Focus on Rare Disease
Responding to rare diseases has been the trigger both to scientific inquiry and to institutional action, with technological advances feeding into deeper understanding of pathologies and support provided in terms of funding, incentives, and research programmes. The scope for benefiting from greater cooperation in rare diseases is a perfect example both of the needs and of the advantages of a shift in European thinking.
Rare diseases starkly define many of the issues raised by the advance of medical science and the challenges facing healthcare systems. Although each disorder affects a small number of individuals, there are as many as seven thousand diseases already identified and classified as rare, with more constantly being identified as science and technology evolve – which makes the cumulative impact impressive, affecting 6% to 8% of the EU population. This means more than 30 million individuals, of which half are children. Many rare diseases are severe, chronic, and progressive, and for one-third of them, life expectancy is less than five years. So, this is a real European health issue – which offers both more possibilities of treatment from valuable innovations but intensely-focused clashes over treatment options and the associated regulatory and resources challenges [32].
The high prevalence of genetic mutations underlying these rare or ultra-rare diseases, coupled with the increased availability of next generation sequencing (NGS) facilities in many diagnostic laboratories is improving and speeding up the diseases' recognition and makes it possible to anticipate the process of taking them into care. In some ways, since rare disease research is so much at the cutting-edge of science, it is a sort of epitome of the dilemma faced by health systems in taking advantage of personalised medicine.

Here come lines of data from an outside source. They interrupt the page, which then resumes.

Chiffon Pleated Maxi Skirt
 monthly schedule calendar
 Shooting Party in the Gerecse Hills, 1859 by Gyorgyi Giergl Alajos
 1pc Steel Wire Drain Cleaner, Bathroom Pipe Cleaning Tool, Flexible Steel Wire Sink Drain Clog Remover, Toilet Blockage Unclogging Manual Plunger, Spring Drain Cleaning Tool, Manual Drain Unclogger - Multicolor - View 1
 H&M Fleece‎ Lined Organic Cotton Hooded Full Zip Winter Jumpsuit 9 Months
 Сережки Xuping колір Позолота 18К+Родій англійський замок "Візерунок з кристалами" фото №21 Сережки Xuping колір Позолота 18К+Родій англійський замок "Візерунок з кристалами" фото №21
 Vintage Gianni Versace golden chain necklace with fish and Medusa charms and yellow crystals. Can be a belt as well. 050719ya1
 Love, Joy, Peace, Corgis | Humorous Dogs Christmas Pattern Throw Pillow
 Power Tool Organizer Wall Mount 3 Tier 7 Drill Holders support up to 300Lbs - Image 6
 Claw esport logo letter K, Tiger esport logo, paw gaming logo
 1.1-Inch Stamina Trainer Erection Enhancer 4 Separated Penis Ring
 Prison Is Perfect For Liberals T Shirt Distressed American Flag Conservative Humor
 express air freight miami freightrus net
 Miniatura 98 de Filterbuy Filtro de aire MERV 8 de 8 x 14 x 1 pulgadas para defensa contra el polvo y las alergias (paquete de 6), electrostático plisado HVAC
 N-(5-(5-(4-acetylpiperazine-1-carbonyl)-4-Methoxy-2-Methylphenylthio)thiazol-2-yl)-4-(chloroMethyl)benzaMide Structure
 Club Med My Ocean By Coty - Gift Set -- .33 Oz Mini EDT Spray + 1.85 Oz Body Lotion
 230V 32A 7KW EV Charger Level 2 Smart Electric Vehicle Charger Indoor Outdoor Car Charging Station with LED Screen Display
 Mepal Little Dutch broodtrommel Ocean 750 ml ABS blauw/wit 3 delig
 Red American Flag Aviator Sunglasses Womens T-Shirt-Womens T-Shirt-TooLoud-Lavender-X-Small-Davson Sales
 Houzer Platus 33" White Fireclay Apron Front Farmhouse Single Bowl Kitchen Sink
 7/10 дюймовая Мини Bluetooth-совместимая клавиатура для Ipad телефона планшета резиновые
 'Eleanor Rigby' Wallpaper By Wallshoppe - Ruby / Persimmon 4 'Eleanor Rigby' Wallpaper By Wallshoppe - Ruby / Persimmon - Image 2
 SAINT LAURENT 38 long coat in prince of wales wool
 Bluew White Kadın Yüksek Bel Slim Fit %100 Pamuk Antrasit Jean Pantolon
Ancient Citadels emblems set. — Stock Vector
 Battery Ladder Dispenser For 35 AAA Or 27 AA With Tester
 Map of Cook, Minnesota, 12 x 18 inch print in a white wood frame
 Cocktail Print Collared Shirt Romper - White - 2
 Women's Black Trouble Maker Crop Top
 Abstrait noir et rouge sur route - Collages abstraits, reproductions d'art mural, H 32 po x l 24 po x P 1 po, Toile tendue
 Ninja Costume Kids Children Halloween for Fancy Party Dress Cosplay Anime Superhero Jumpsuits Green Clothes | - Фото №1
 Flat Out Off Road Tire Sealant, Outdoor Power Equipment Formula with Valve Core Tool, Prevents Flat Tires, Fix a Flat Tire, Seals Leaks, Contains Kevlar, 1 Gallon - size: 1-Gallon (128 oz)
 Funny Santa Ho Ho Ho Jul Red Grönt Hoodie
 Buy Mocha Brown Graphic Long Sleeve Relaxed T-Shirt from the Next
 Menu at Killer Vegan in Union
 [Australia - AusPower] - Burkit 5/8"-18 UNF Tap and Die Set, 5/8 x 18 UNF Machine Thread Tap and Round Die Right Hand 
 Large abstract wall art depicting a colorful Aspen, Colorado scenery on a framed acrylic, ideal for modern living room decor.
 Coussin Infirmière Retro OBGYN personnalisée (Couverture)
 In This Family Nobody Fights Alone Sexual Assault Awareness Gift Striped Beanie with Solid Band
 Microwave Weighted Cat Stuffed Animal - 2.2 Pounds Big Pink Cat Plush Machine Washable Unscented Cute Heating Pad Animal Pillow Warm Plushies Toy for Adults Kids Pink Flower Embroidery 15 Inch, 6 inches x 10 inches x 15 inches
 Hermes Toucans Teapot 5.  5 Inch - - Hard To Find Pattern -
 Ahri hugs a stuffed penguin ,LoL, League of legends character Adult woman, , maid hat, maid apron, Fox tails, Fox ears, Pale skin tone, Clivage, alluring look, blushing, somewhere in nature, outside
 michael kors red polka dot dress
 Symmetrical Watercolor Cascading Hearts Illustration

Both national and European policies, including the creation of centres of expertise equipped with NGS tools and the creation of reference centres, are contributing to get faster diagnoses and treatments for rare diseases, and to develop concerned actions and research projects, raising new hopes for patients and their families. The increasing range of networking research is widening the availability of large patients' registries, cohorts, and datasets and the collection of genomic profiles, thus improving knowledge about the natural history of these disorders. An overview of some of the important stakeholders and projects in the field of rare diseases is provided in Table 8. It should, however, be stated that this list is non-exhaustive and that many more actors are actively involved in the field of rare diseases, both in Europe and a global scale.
Table 8.
Overview of the stakeholders in the field of rare diseases
| Barriers to integration of genomics into healthcare | Stakeholders at the European level | Potential action points |
|---|---|---|
| Data integration and interpretation | Elixir, BBMRI, bioinformatics research institutions | Integration, aggregation, and analysis of existing genomic datasets at the European level Oversight of the collection and analysis of new genomic data at the European level |
| Workforce capacity and capability | European medical universities, medical schools, academic hospitals | Integration of genomics and principles of personalised healthcare inside of the medical, nursing and healthcare curriculums Introduction of career-long education programmes regarding personalised healthcare and genomic medicine for practicing professionals |
| Public acceptability and government engagement | National, local, and regional governments at the member state levels European Union |
Introduction of outreach methods for the general public |
| Paucity of evidence for clinical utility | Research centers and funding institutions | Support and grants for studies aimed at producing clinical evidence |
| Cost-effectiveness | HTA institutions, healthcare payers | More transparency, data sharing, and exchange of best practices to support reimbursement of personalised healthcare and genomic technologies |
| Ethical and legislative issues | EU and country-level legislators, patient organizations, medical-ethical committees | Development of model for ethical guidance and coordination of personalised healthcare activities Compilation of rigorous ethical standards and best practices to support roll-out of genomic technologies |
As part of the general goal of the cooperation towards access to at least one million sequenced genomes in the EU by 2022, efforts are now underway to provide access to existing and future databases dedicated to rare diseases in Europe through a federated environment that respects security and privacy. A working group formed as part of the EU1MG project is identifying current national or European pilot projects, with a view to proposing a database, EU tools, and additional pilot projects that can show the merits of sharing within the rare-disease area. It is taking account of the broadest range of needs: end-users/patients, research, healthcare, and industry stakeholders, including disease-gene discovery, mechanism study, diagnostics, therapy, prevention, and knowledge building.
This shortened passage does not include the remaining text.